On Tue, Apr 22, 2025 at 09:31:14AM +0200, Christian Brauner wrote:
> On Mon, Apr 21, 2025 at 05:29:47PM +0100, Al Viro wrote:
> > On Mon, Apr 21, 2025 at 09:56:20AM +0200, Christian Brauner wrote:
> > > On Mon, Apr 21, 2025 at 04:35:09AM +0100, Al Viro wrote:
> > > > Not since 8f2918898eb5 "new helpers: vfs_create_mount(), fc_mount()"
> > > > back in 2018.  Get rid of the dead checks...
> > > >     
> > > > Signed-off-by: Al Viro <viro@zeniv.linux.org.uk>
> > > > ---
> > > 
> > > Good idea. Fwiw, I've put this into vfs-6.16.mount with some other minor
> > > stuff. If you're keeping it yourself let me know.
> > 
> > Not sure...  I'm going through documenting the struct mount lifecycle/locking/etc.
> > and it already looks like there will be more patches, but then some are going
> > to be #fixes fodder.
> > 
> > Example caught just a couple of minutes ago: do_lock_mount()
> >                 if (beneath) {
> >                         m = real_mount(mnt);
> >                         read_seqlock_excl(&mount_lock);
> >                         dentry = dget(m->mnt_mountpoint);
> >                         read_sequnlock_excl(&mount_lock);
> >                 } else {
> >                         dentry = path->dentry;
> >                 }
> > 
> >                 inode_lock(dentry->d_inode);
> > What's to prevent the 'beneath' case from getting mnt mount --move'd
> > away *AND* the ex-parent from getting unmounted while we are blocked
> > in inode_lock?  At this point we are not holding any locks whatsoever
> > (and all mount-related locks nest inside inode_lock(), so we couldn't
> > hold them there anyway).
> > 
> > Hit that race and watch a very unhappy umount...
> 
> If it gets unmounted or moved we immediately detect this in the next line:
> 
> if (beneath && (!is_mounted(mnt) || m->mnt_mountpoint != dentry)) {

Sure, we would - *AFTER* we get through that inode_lock().
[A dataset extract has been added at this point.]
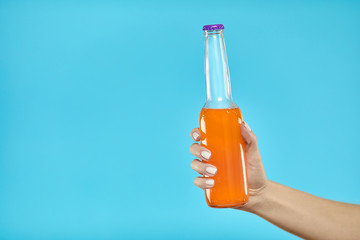 Female hand holding Bottle of alcohol beverage on a yellow background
Consider the following setup:

mkdir foo
mkdir bar
mkdir splat
mount -t tmpfs none foo		# mount 1
mount -t tmpfs none bar		# mount 2
mkdir bar/baz
mount -t tmpfs none bar/baz	# mount 3

then

A: move_mount(AT_FDCWD, "foo", AT_FDCWD, "bar/baz", MOVE_MOUNT_BENEATH)
gets to do_move_mount() and into do_lock_mount() called by it.

path->mnt points to mount 3, path->dentry - to its root.  Both are pinned.
do_lock_mount() goes into the first iteration of loop.  beneath is true,
so it picks dentry - that of #3 mountpoint, i.e. "/baz" on #2 tmpfs instance.

At that point refcount of that dentry is 3 - one from being a positive on
tmpfs, one from being a mountpoint and one more just grabbed by do_lock_mount().

Now we enter inode_lock(dentry->d_inode).  Note that at that point A is not
holding any locks.  Suppose it gets preempted at this moment for whatever reason.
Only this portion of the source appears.